··· DATA SECTION

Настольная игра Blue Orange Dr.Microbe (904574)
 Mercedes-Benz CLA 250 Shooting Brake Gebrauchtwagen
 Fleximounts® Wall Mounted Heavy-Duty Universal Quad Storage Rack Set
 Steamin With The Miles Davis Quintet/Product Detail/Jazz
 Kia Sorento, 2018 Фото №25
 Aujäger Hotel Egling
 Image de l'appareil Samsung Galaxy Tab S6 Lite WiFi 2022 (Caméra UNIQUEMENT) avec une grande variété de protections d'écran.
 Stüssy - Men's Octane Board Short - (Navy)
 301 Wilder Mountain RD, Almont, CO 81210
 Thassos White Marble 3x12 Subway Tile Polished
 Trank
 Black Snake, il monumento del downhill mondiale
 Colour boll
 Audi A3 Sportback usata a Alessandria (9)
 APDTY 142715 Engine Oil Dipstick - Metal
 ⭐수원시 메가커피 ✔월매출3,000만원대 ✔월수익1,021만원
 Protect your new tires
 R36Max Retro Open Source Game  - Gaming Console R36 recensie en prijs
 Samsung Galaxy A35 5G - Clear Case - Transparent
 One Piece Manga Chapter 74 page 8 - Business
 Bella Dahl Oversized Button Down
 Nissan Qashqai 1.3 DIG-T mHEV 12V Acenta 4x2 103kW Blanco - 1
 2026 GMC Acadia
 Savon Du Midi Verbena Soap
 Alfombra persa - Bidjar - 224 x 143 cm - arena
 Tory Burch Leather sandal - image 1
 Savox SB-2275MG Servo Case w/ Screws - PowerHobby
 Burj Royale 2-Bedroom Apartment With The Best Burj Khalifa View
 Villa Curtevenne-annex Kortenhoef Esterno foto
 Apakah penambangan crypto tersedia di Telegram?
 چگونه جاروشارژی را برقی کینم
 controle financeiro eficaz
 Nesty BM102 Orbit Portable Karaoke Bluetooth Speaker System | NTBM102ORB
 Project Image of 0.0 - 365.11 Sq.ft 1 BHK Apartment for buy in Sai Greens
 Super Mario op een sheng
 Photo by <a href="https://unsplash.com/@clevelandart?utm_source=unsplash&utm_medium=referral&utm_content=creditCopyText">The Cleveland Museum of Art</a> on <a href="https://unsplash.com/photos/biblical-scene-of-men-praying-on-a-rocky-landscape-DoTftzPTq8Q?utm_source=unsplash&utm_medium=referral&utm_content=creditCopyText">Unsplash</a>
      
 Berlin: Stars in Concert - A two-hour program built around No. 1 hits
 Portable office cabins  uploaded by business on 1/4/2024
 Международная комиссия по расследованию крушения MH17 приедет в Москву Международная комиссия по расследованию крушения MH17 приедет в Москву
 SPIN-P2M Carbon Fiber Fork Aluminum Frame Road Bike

······

• **ASSIGNMENT**
Give the complete material back, word for word.

• **OUTPUT FOR THIS TASK**
Настольная игра Blue Orange Dr.Microbe (904574)
 Mercedes-Benz CLA 250 Shooting Brake Gebrauchtwagen
 Fleximounts® Wall Mounted Heavy-Duty Universal Quad Storage Rack Set
 Steamin With The Miles Davis Quintet/Product Detail/Jazz
 Kia Sorento, 2018 Фото №25
 Aujäger Hotel Egling
 Image de l'appareil Samsung Galaxy Tab S6 Lite WiFi 2022 (Caméra UNIQUEMENT) avec une grande variété de protections d'écran.
 Stüssy - Men's Octane Board Short - (Navy)
 301 Wilder Mountain RD, Almont, CO 81210
 Thassos White Marble 3x12 Subway Tile Polished
 Trank
 Black Snake, il monumento del downhill mondiale
 Colour boll
 Audi A3 Sportback usata a Alessandria (9)
 APDTY 142715 Engine Oil Dipstick - Metal
 ⭐수원시 메가커피 ✔월매출3,000만원대 ✔월수익1,021만원
 Protect your new tires
 R36Max Retro Open Source Game  - Gaming Console R36 recensie en prijs
 Samsung Galaxy A35 5G - Clear Case - Transparent
 One Piece Manga Chapter 74 page 8 - Business
 Bella Dahl Oversized Button Down
 Nissan Qashqai 1.3 DIG-T mHEV 12V Acenta 4x2 103kW Blanco - 1
 2026 GMC Acadia
 Savon Du Midi Verbena Soap
 Alfombra persa - Bidjar - 224 x 143 cm - arena
 Tory Burch Leather sandal - image 1
 Savox SB-2275MG Servo Case w/ Screws - PowerHobby
 Burj Royale 2-Bedroom Apartment With The Best Burj Khalifa View
 Villa Curtevenne-annex Kortenhoef Esterno foto
 Apakah penambangan crypto tersedia di Telegram?
 چگونه جاروشارژی را برقی کینم
 controle financeiro eficaz
 Nesty BM102 Orbit Portable Karaoke Bluetooth Speaker System | NTBM102ORB
 Project Image of 0.0 - 365.11 Sq.ft 1 BHK Apartment for buy in Sai Greens
 Super Mario op een sheng
 Photo by <a href="https://unsplash.com/@clevelandart?utm_source=unsplash&utm_medium=referral&utm_content=creditCopyText">The Cleveland Museum of Art</a> on <a href="https://unsplash.com/photos/biblical-scene-of-men-praying-on-a-rocky-landscape-DoTftzPTq8Q?utm_source=unsplash&utm_medium=referral&utm_content=creditCopyText">Unsplash</a>
      
 Berlin: Stars in Concert - A two-hour program built around No. 1 hits
 Portable office cabins  uploaded by business on 1/4/2024
 Международная комиссия по расследованию крушения MH17 приедет в Москву Международная комиссия по расследованию крушения MH17 приедет в Москву
 SPIN-P2M Carbon Fiber Fork Aluminum Frame Road Bike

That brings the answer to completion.